• _WHAT IS EXPECTED_
Exactly the lines from the one containing "this 450×319 image." through the end of the listing must make up the answer, with no pictures included.
** SUPPLIED ENTRIES follows **
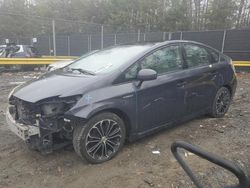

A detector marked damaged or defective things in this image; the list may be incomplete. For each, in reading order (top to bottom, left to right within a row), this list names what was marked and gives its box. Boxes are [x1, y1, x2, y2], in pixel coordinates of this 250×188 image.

broken headlight [40, 95, 81, 116]
damaged car [5, 40, 236, 163]
crumpled front bumper [5, 108, 39, 140]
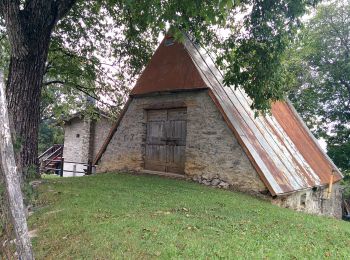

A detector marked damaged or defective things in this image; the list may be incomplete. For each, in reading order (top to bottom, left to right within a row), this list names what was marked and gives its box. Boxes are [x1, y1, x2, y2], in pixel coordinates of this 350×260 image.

rusty metal roof [131, 36, 208, 95]
rusty metal roof [108, 34, 342, 195]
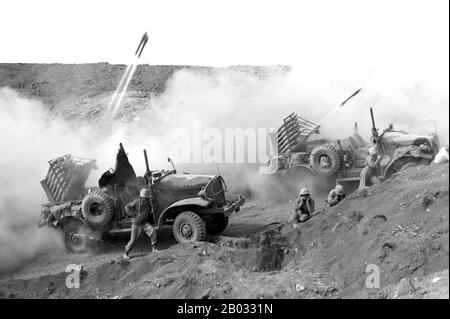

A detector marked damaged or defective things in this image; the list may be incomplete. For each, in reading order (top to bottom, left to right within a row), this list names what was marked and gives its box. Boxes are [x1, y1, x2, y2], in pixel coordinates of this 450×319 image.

overturned vehicle [39, 144, 246, 252]
overturned vehicle [260, 107, 440, 192]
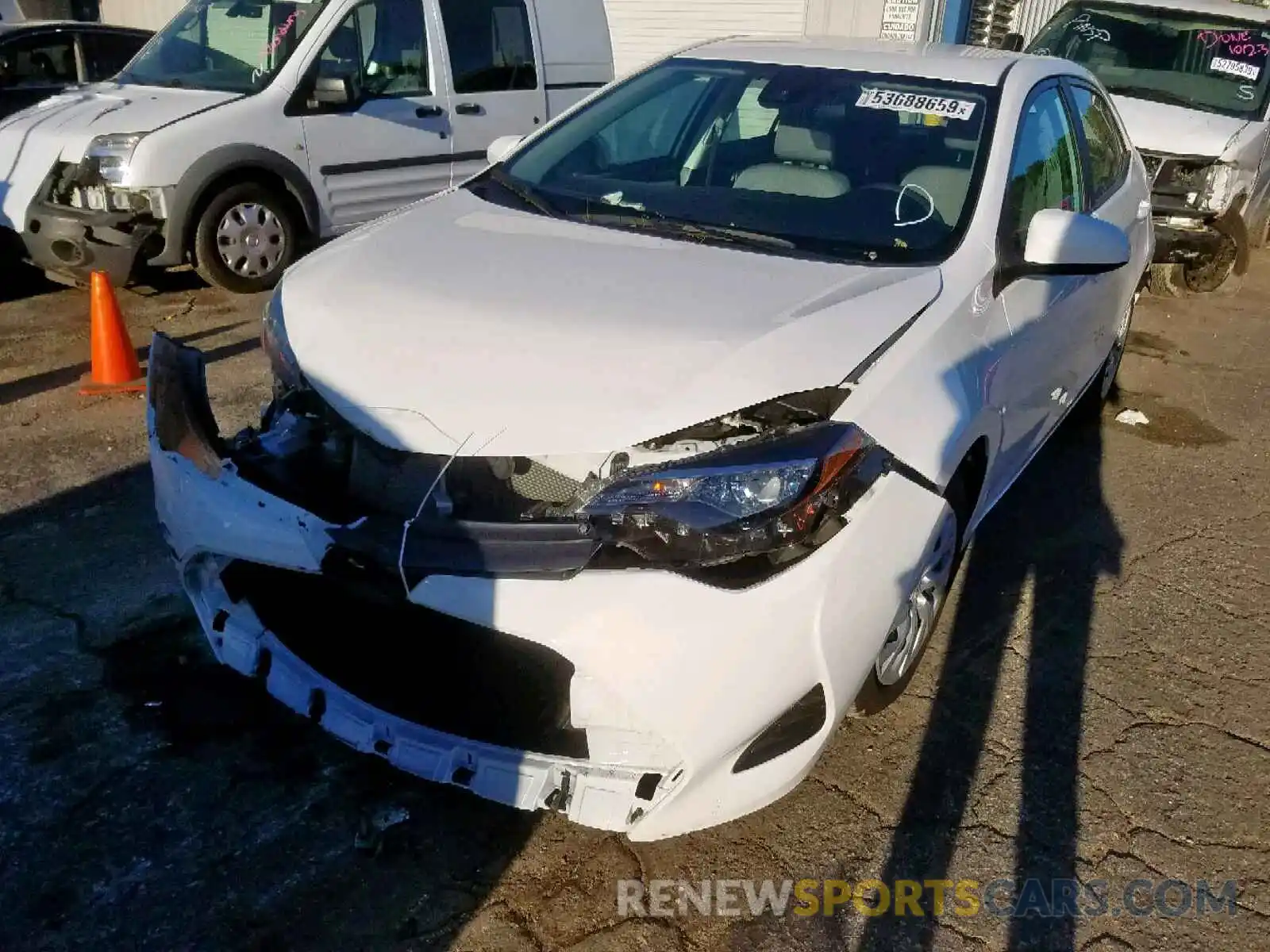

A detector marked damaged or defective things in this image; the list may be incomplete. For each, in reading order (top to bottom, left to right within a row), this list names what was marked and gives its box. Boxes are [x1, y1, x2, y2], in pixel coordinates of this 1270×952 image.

detached front bumper [22, 198, 162, 286]
exposed headlight [86, 134, 144, 186]
exposed headlight [260, 293, 305, 393]
detached front bumper [146, 335, 945, 843]
cracked asphalt pavement [0, 261, 1264, 952]
white damaged sedan [146, 37, 1153, 843]
damaged minivan [148, 37, 1153, 843]
exposed headlight [581, 424, 889, 581]
broken headlight assembly [581, 421, 889, 586]
damaged minivan [1026, 0, 1270, 294]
** End of SUPPLIED ENTRIES **
• _EXERCISE RESPONSE_
A detector marked damaged or defective things in this image; the list may be incomplete. For each, in reading order (top to bottom, left to right within a row), this list names what was marked and gives its box. Boxes are [x1, y1, x2, y2], in pixel coordinates of this 450×319 image.

overturned vehicle [39, 144, 246, 252]
overturned vehicle [260, 107, 440, 192]

A detector marked damaged or defective things in this image; the list may be incomplete. For each, in reading order (top to bottom, left to right within a row), this list names what was marked and gives its box. Boxes are [x1, y1, x2, y2], in pixel coordinates of this 1270×952 image.

detached front bumper [22, 198, 162, 286]
exposed headlight [86, 134, 144, 186]
exposed headlight [260, 293, 305, 393]
detached front bumper [146, 335, 945, 843]
cracked asphalt pavement [0, 261, 1264, 952]
white damaged sedan [146, 37, 1153, 843]
damaged minivan [148, 37, 1153, 843]
exposed headlight [581, 424, 889, 581]
broken headlight assembly [581, 421, 889, 586]
damaged minivan [1026, 0, 1270, 294]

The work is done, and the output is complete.